▸ Task item:
How do the records below read from their first line through the line containing "Dalton Kincaid - 86 / Black Alternate / S"? Write those lines out exactly.

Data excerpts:

Content starts

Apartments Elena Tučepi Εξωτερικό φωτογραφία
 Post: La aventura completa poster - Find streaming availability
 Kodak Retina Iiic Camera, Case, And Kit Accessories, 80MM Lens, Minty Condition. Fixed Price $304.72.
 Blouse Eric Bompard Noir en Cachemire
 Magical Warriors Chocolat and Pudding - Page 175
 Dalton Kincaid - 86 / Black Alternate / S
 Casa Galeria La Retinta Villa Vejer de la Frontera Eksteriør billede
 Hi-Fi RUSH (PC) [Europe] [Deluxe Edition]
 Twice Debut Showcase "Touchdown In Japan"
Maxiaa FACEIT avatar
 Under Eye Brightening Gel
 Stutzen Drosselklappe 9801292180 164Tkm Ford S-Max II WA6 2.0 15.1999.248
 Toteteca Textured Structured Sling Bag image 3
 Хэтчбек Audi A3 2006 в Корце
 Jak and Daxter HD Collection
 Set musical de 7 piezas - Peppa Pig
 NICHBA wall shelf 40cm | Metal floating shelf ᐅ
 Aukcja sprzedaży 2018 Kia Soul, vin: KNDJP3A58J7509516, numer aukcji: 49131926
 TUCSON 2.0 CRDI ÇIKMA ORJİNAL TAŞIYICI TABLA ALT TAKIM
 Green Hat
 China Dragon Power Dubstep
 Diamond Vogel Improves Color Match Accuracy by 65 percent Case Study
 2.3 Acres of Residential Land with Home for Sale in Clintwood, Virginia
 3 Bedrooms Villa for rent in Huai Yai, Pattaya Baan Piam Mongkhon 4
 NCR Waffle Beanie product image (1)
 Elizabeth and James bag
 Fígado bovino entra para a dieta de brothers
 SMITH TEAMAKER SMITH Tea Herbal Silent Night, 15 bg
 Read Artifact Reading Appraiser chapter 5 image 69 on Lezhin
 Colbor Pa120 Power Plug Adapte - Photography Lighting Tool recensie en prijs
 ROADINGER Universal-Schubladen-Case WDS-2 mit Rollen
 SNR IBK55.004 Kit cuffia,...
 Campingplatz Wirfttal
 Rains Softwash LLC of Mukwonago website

Content ends

▸ Written response:
Apartments Elena Tučepi Εξωτερικό φωτογραφία
 Post: La aventura completa poster - Find streaming availability
 Kodak Retina Iiic Camera, Case, And Kit Accessories, 80MM Lens, Minty Condition. Fixed Price $304.72.
 Blouse Eric Bompard Noir en Cachemire
 Magical Warriors Chocolat and Pudding - Page 175
 Dalton Kincaid - 86 / Black Alternate / S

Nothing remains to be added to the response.